Step-by-step explanation:
Let there are n sides in a polygon.
So, there are n internal angles in the polygon, let ∠i1, ∠i2, ∠i3, ..., ∠in are the measure of n internal angles of the polygon.
The measure of external angle corresponding to ∠i1, ∠1= 180°-∠i1,
The measure of external angle corresponding to ∠i2, ∠2 = 180°-∠i2,
Similarly, the measure of external angle corresponding to ∠in, ∠n = 180°-∠in.
Now, the sum of all the external angles of the polygon,
(∠1+∠2+...+∠n)=(180°-∠i1)+(180°-∠i2)+...+(180°-∠in)
=(180°+180°+...n times)-(∠i1+∠i2+...+∠in)
=n x 180° - (∠i1+∠i2+...+∠in)
As ∠i1+∠i2+...+∠in is the sum of all the internal angles of the polygon.
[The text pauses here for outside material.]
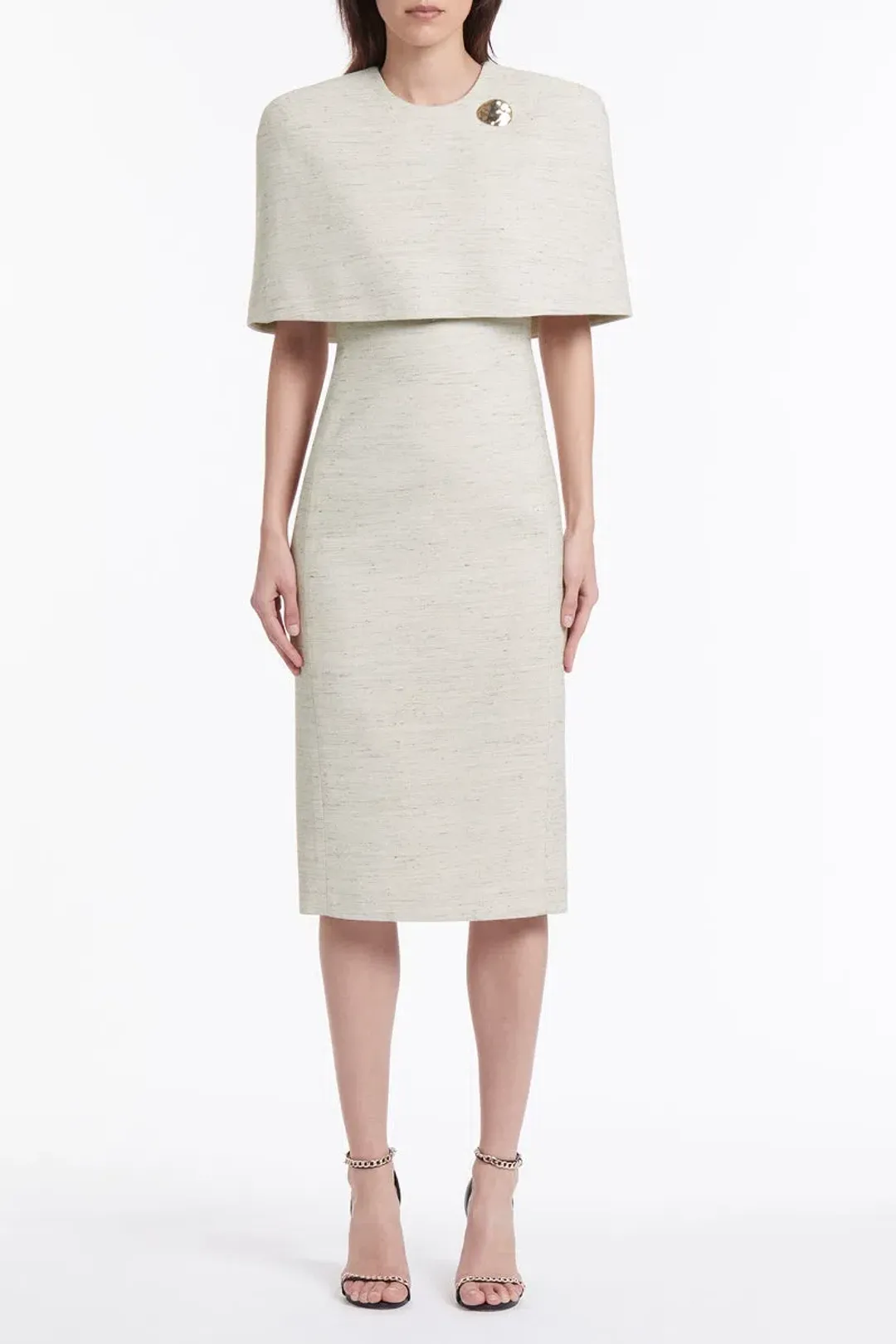 Carla Zampatti Cape Dress Cream Size 6 for rent on The Volte - main image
So, the sum of all the external angles of the polygon =
(n x 180°) - (sum of all the internal angles of the polygon).
In the case of a triangle, n=3 and the sum of all the three internal angles, ∠i1+∠i2+∠i3 = 180°.
Therefore, the sum of all the external angles of a triangle,
∠1+∠2+∠3 =3x180°-(∠i1+∠i2+∠i3)
=540°=180°
=360°.
Hence, the sum of all the external angles of a triangle is 360°.